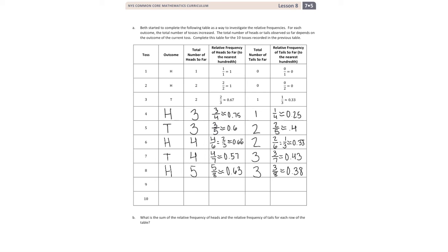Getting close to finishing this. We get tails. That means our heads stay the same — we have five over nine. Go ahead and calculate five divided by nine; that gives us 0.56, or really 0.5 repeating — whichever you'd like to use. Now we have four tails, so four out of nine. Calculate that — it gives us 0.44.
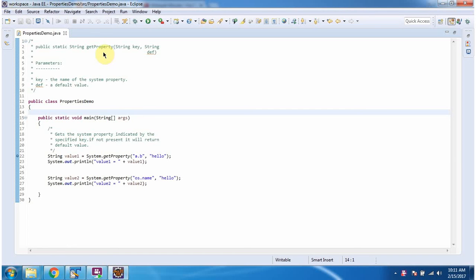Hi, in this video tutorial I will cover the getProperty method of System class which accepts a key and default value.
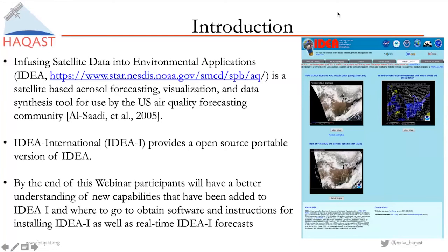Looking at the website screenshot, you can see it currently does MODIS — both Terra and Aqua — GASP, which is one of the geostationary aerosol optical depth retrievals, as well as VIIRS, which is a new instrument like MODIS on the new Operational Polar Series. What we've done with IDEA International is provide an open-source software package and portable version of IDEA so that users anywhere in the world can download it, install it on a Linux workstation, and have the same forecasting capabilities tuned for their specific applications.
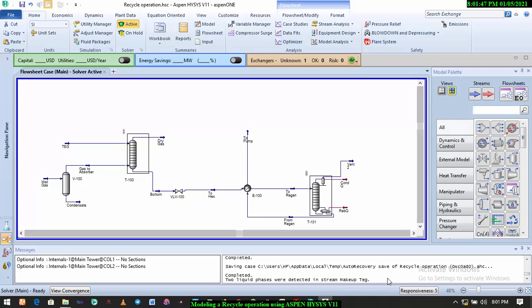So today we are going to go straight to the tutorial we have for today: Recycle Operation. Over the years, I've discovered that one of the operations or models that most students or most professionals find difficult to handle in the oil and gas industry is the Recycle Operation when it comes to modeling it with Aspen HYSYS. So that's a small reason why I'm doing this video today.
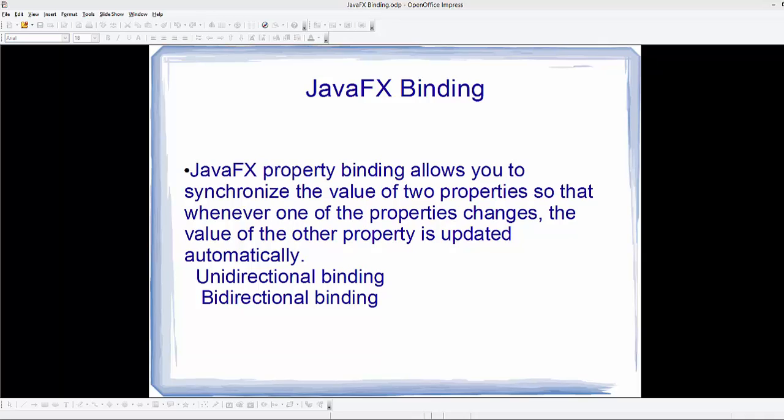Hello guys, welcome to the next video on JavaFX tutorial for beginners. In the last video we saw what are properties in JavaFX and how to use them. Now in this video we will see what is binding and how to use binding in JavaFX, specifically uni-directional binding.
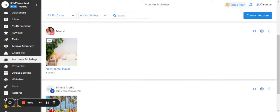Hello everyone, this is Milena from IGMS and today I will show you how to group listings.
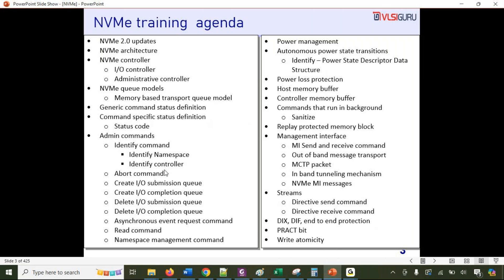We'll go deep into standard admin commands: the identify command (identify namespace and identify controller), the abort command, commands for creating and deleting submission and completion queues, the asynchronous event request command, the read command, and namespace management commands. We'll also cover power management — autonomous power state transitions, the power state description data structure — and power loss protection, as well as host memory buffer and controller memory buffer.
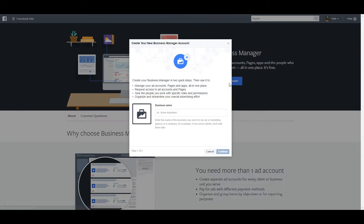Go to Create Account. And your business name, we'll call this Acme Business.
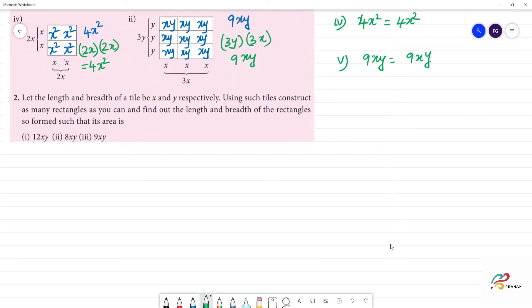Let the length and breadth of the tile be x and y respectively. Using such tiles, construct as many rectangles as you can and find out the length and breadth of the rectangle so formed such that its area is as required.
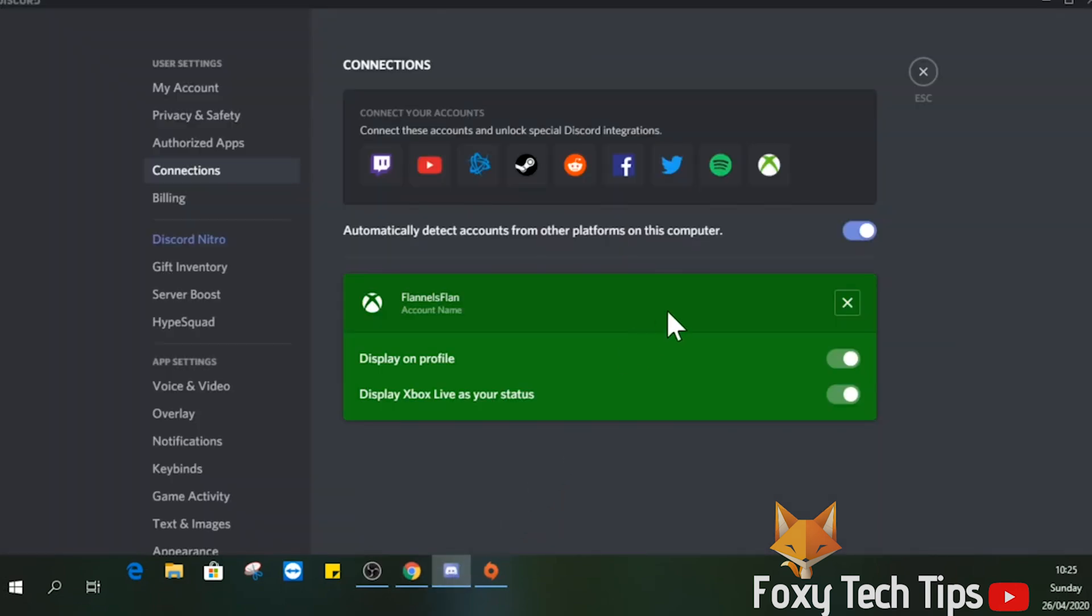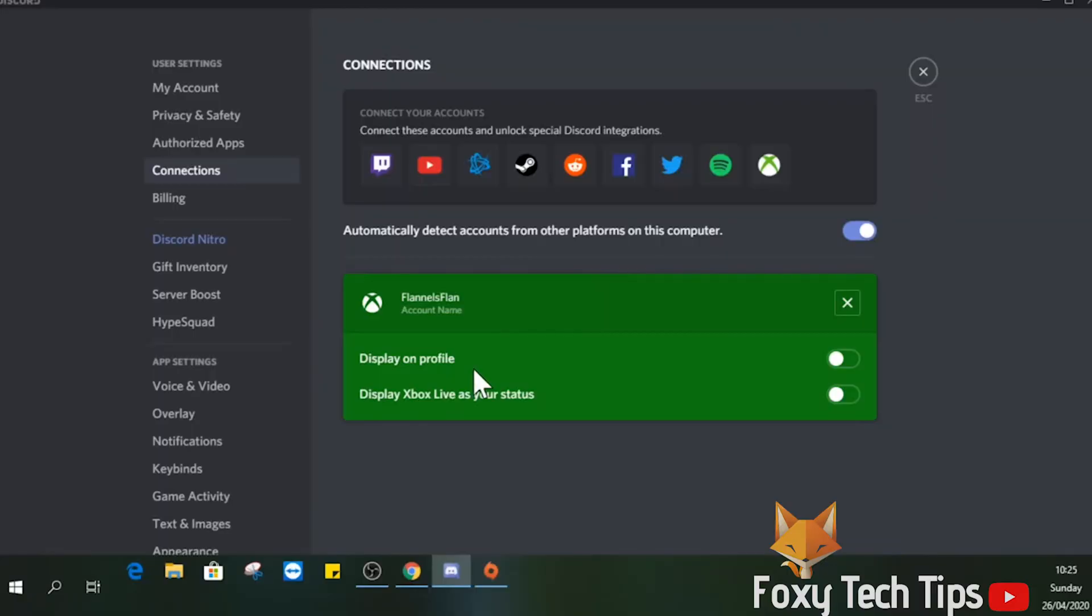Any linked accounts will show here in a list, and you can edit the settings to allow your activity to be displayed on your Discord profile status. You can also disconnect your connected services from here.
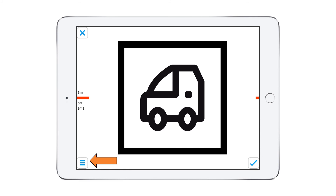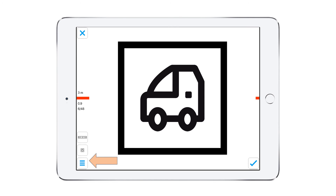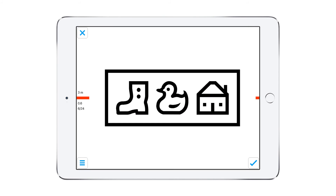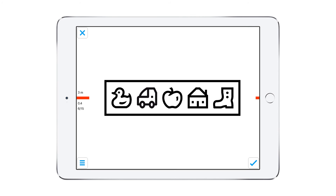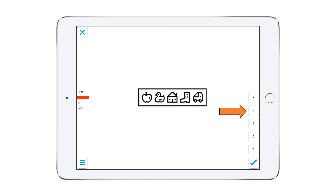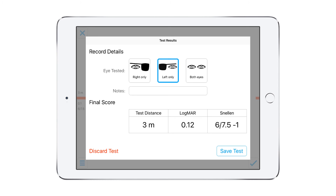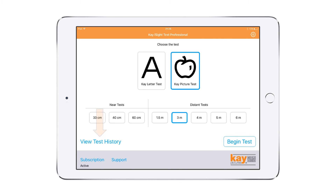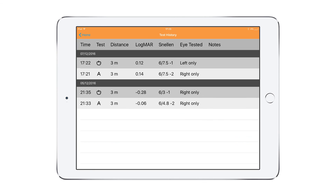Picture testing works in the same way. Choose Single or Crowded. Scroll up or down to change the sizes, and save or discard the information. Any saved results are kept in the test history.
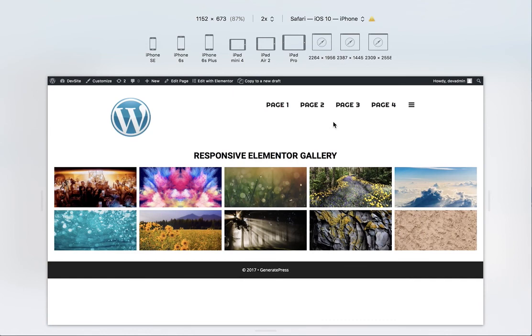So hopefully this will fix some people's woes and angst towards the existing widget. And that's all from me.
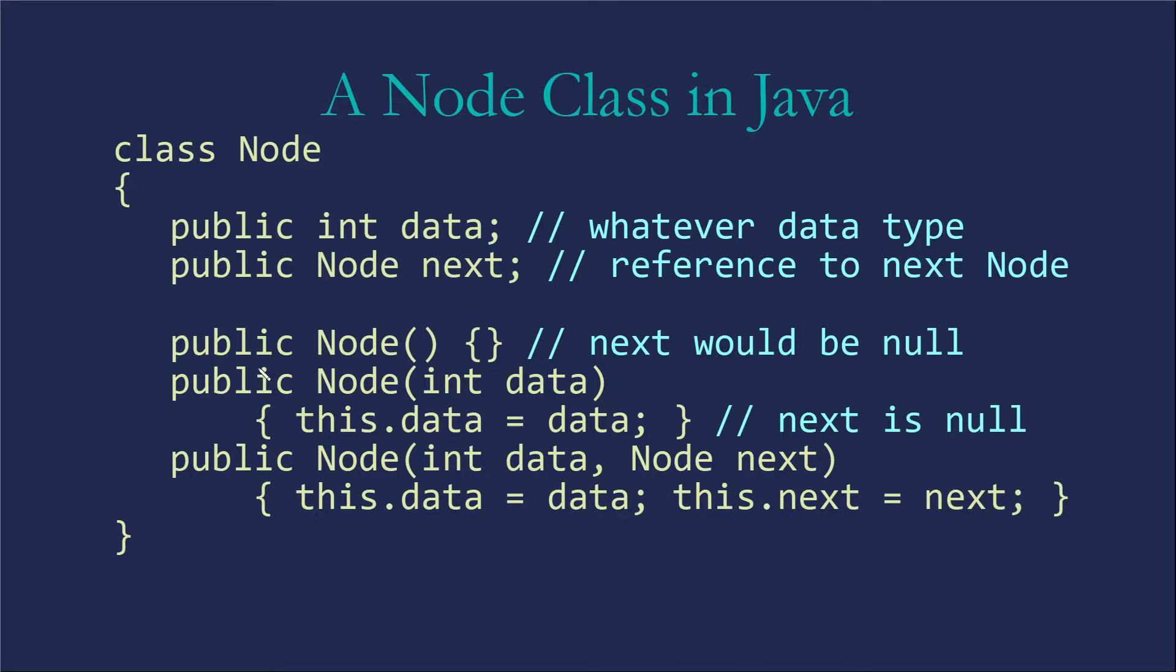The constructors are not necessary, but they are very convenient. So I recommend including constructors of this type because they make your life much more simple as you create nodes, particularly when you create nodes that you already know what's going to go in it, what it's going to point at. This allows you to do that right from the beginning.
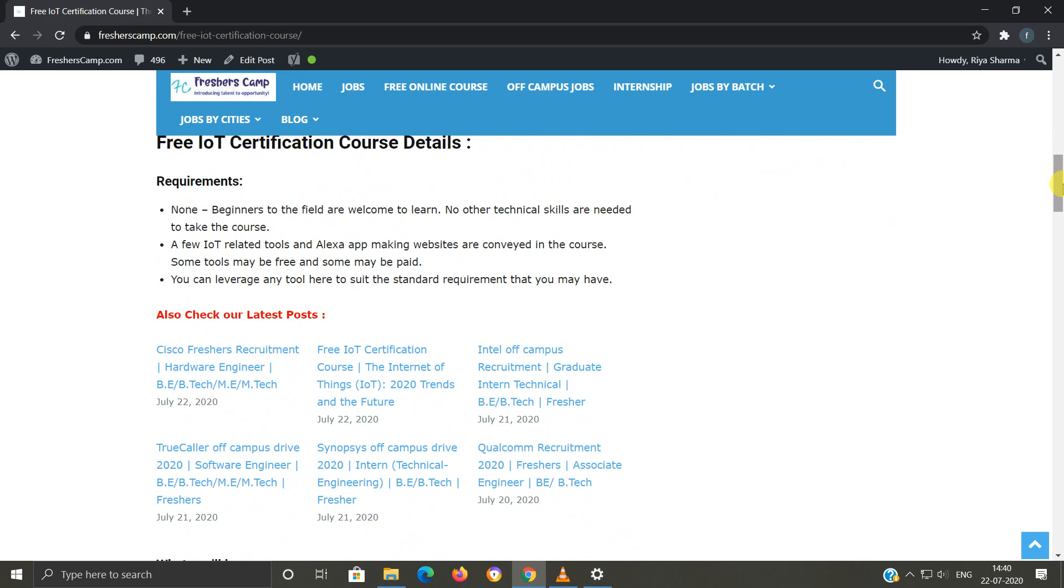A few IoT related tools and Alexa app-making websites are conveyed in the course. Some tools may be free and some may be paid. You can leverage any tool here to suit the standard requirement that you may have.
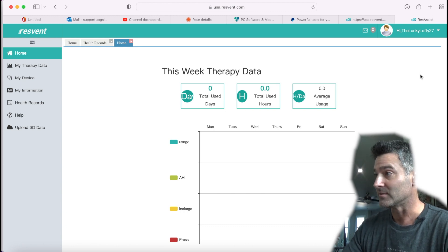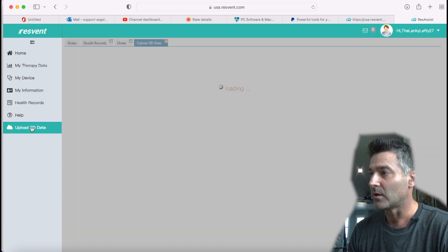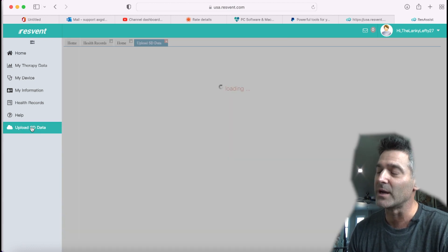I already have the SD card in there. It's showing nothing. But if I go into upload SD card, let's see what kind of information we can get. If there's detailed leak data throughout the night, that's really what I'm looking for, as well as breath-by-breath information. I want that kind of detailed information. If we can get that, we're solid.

> **Task goal**
Return the lines exactly as they stand, from the start of the entries through the line holding "Looking at the"; omit the pictures.

> **Reply**
Getting close to finishing this. We get tails. That means our heads stay the same — we have five over nine. Go ahead and calculate five divided by nine; that gives us 0.56, or really 0.5 repeating — whichever you'd like to use. Now we have four tails, so four out of nine. Calculate that — it gives us 0.44.
Hi, in this video tutorial I will cover the getProperty method of System class which accepts a key and default value.
Looking at the website screenshot, you can see it currently does MODIS — both Terra and Aqua — GASP, which is one of the geostationary aerosol optical depth retrievals, as well as VIIRS, which is a new instrument like MODIS on the new Operational Polar Series. What we've done with IDEA International is provide an open-source software package and portable version of IDEA so that users anywhere in the world can download it, install it on a Linux workstation, and have the same forecasting capabilities tuned for their specific applications.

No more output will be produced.